The Los Alamos National Laboratory, established by J. Robert Oppenheimer in the remote high desert of New Mexico during World War II, is one of two nuclear weapons design laboratories in the United States. The other, the Lawrence Livermore National Laboratory, sits on the edge of California’s wine country. Famous for developing the atomic bombs dropped on Hiroshima and Nagasaki in 1945, Los Alamos is now a $2 billion-a-year enterprise that sprawls across 43 square miles of piñon-covered desert mesas. I have been studying the tiny, esoteric cadre of American nuclear weapons scientists since 1987, when a very tolerant group of faculty in my graduate anthropology program agreed to let me see whether I could do for nuclear weapons scientists what older generations of anthropologists had done for headhunters, cannibals, and polygamists. Call me the Margaret Mead of the weapons labs, if you like.

When I first made contact with America’s nuclear weapons scientists in the waning years of the Reagan administration, they were reeling from the Nuclear Freeze movement’s energetic attempts to put them out of business. In 1982 and 1983, about 2,300 people, chanting that Livermore and Los Alamos were US Auschwitzes, were arrested for civil disobedience at the Livermore Laboratory. Having survived the antinuclear protests of the 1980s and the end of the Cold War a few years later, American nuclear weapons scientists are now finding that the main threat to their craft comes from an unexpected source: politicians and administrators who are supposed to be on their side. As so often seems to be the case, well-meaning attempts to make the country more secure are having the opposite effect.

Nuclear weapons scientists at Los Alamos now say that morale there is the worst it has ever been in the lab’s seven-decade history, and that Los Alamos’s ability to function as an institution and to superintend the nuclear stockpile has been substantially undermined. This institutional havoc has been wrought not by the left but by congressmen and government officials claiming to act in the name of national security and efficiency. They framed Los Alamos as an institution in need of reform and, by “improving” management practices, reduced the laboratory’s effectiveness. Their counterproductive actions were often justified by an assumption, largely erroneous, that Los Alamos had an organizational culture characterized by arrogance and carelessness.

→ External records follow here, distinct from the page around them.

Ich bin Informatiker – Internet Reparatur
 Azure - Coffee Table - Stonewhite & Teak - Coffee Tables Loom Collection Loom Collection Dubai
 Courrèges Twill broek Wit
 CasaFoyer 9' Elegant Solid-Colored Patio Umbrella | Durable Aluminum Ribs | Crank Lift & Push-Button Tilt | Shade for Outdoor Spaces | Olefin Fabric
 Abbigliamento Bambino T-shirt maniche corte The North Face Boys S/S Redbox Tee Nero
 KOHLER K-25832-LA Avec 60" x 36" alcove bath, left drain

Act 1: The Wen Ho Lee affair

The institutional decline of Los Alamos began on March 6, 1999, when the New York Times published a front-page story (Risen and Gerth, 1999) titled “China stole nuclear secrets for bombs, US aides say.” The article said that “a Los Alamos computer scientist who is Chinese-American” had stolen nuclear weapons design secrets on behalf of the Chinese. Within days, after Secretary of Energy Bill Richardson leaked his name to journalists off the record (Stober and Hoffman, 2001), Wen Ho Lee was publicly identified as the spy on TV broadcasts and in newspaper stories around the country. For months, until Lee was finally arrested and charged on 59 counts of mishandling national security information, cable TV news crews camped outside his modest Los Alamos home, hoping for a glimpse of the quiet man accused of being the new Julius Rosenberg. Convoys of FBI agents trailed Lee and his wife whenever they went to the store for milk.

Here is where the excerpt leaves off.